▶ Aim of the exercise: The reply to the records below should contain exactly the lines from the line with "Eettafel 8 personen" through the line with "Jordan 11 Low - Picture 3 of 4", and nothing besides.

▶ Available data:
--

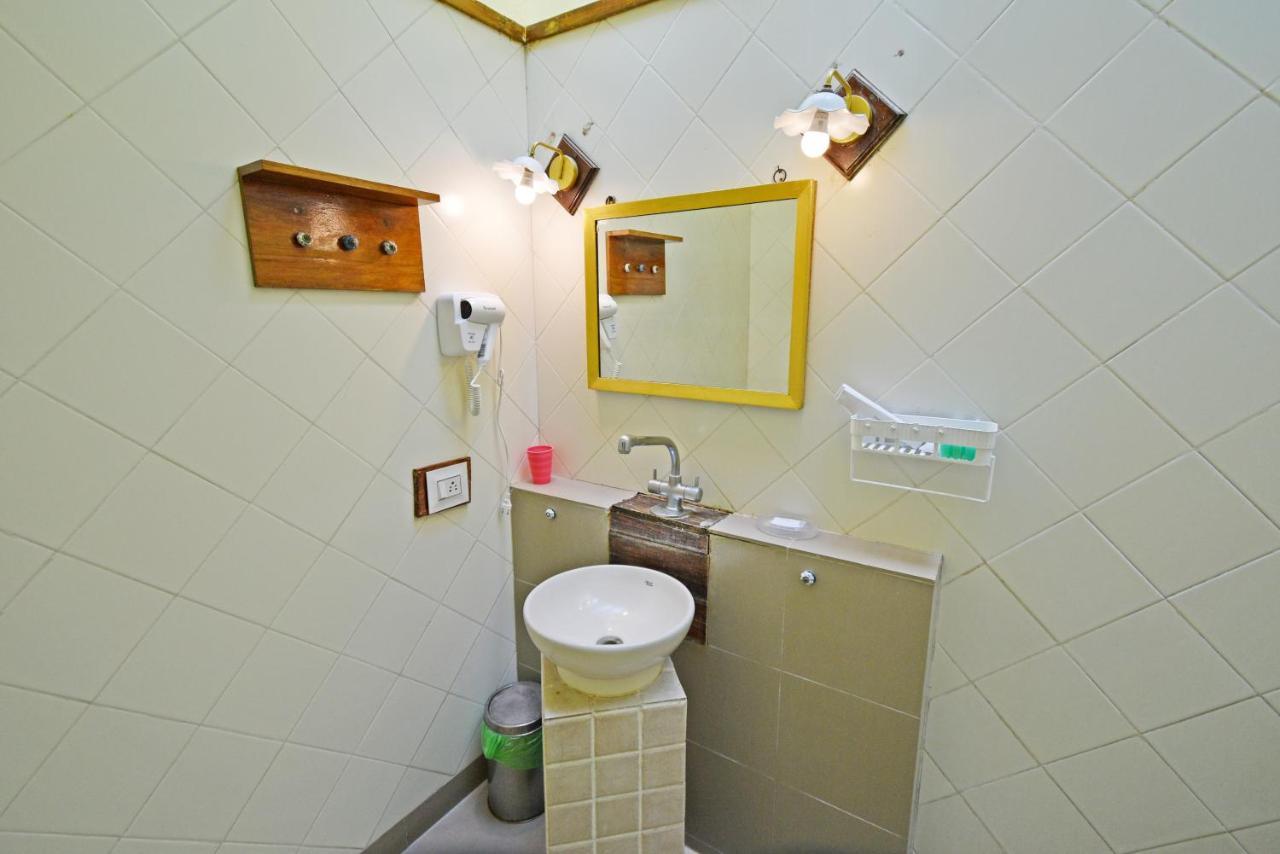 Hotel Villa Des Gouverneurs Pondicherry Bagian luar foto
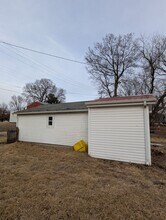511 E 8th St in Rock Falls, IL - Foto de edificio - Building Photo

--

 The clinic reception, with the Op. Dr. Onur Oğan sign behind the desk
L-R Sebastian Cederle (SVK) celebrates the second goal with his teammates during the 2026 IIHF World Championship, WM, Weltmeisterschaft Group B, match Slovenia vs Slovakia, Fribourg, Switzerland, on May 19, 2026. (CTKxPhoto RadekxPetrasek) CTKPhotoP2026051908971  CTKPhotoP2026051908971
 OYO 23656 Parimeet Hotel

--

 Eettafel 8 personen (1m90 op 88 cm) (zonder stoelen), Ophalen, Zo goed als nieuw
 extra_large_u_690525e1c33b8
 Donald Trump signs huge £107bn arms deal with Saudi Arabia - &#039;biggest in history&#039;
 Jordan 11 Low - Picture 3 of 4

--

▶ Exercise solution:
 Eettafel 8 personen (1m90 op 88 cm) (zonder stoelen), Ophalen, Zo goed als nieuw
 extra_large_u_690525e1c33b8
 Donald Trump signs huge £107bn arms deal with Saudi Arabia - &#039;biggest in history&#039;
 Jordan 11 Low - Picture 3 of 4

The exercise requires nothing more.